__YOUR INSTRUCTIONS__: Records follow. Print exactly the lines from the one that has "Abdominal X-ray illustrating" through the one that has "Immunofluorescence - Anti-Ki67", inclusive, and omit the pictures.

__INFORMATION PROVIDED__:
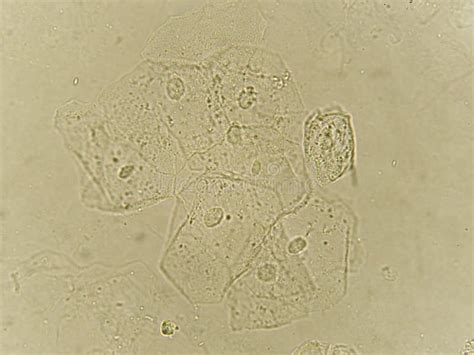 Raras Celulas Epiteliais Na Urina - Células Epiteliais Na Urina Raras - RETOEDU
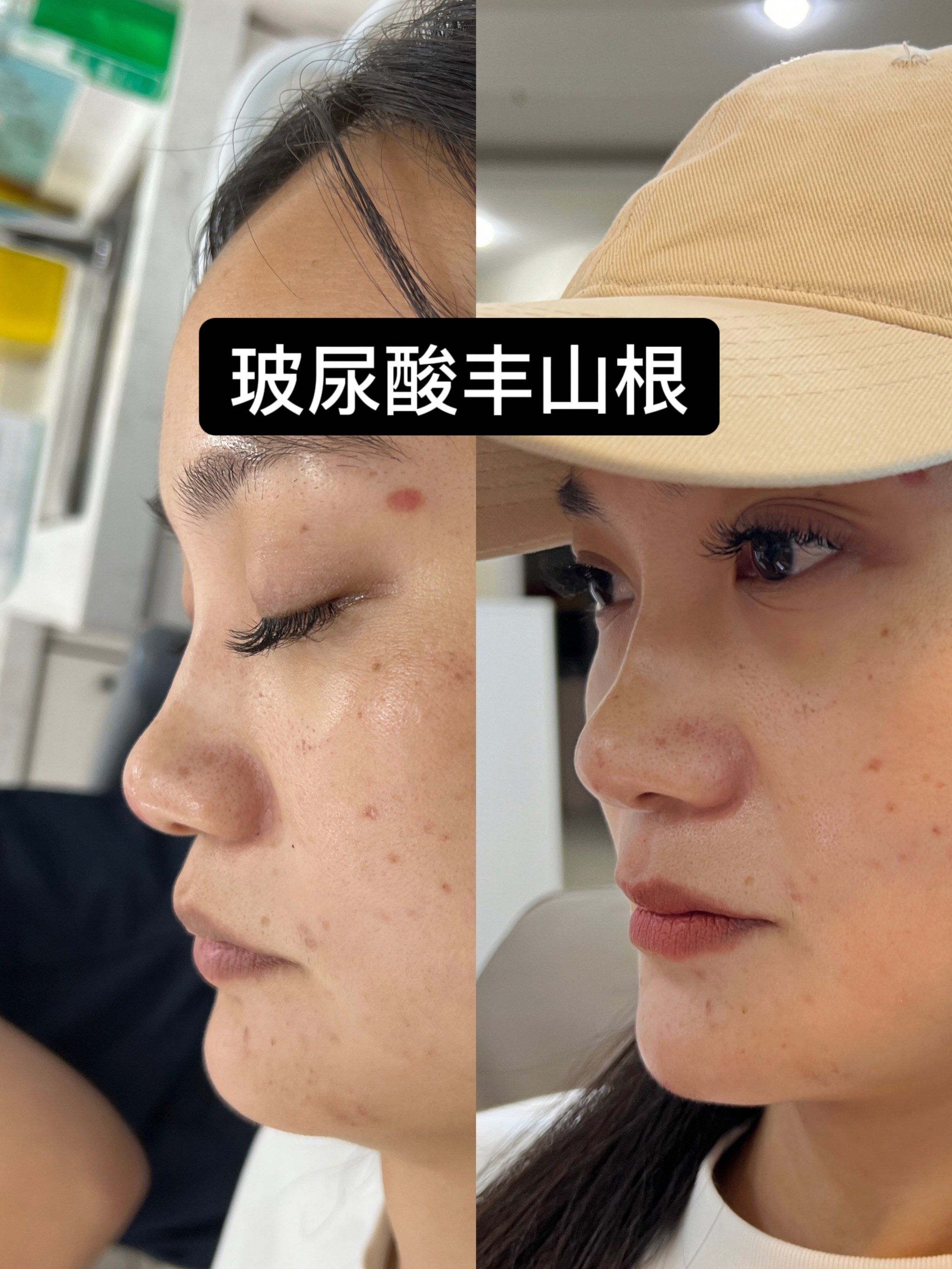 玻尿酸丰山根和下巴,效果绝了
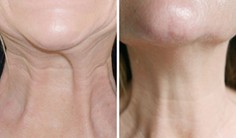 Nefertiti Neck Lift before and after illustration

* * *

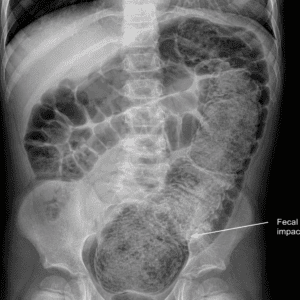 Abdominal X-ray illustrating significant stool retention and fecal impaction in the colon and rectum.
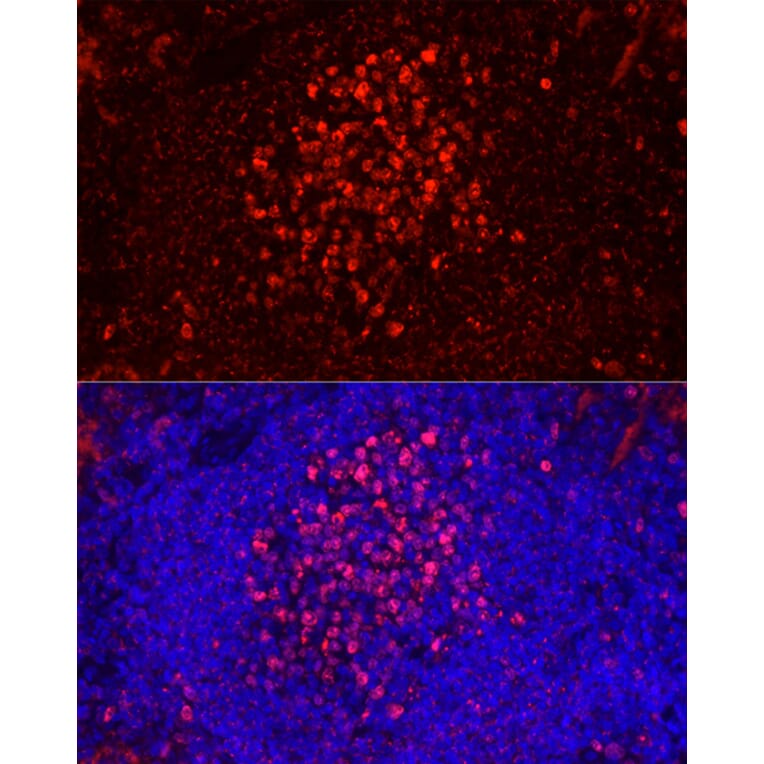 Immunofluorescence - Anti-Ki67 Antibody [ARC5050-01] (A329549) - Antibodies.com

* * *

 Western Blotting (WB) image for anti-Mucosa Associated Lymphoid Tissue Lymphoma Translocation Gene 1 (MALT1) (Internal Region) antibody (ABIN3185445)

__RESULT OF THE TASK__:
 Abdominal X-ray illustrating significant stool retention and fecal impaction in the colon and rectum.
 Immunofluorescence - Anti-Ki67 Antibody [ARC5050-01] (A329549) - Antibodies.com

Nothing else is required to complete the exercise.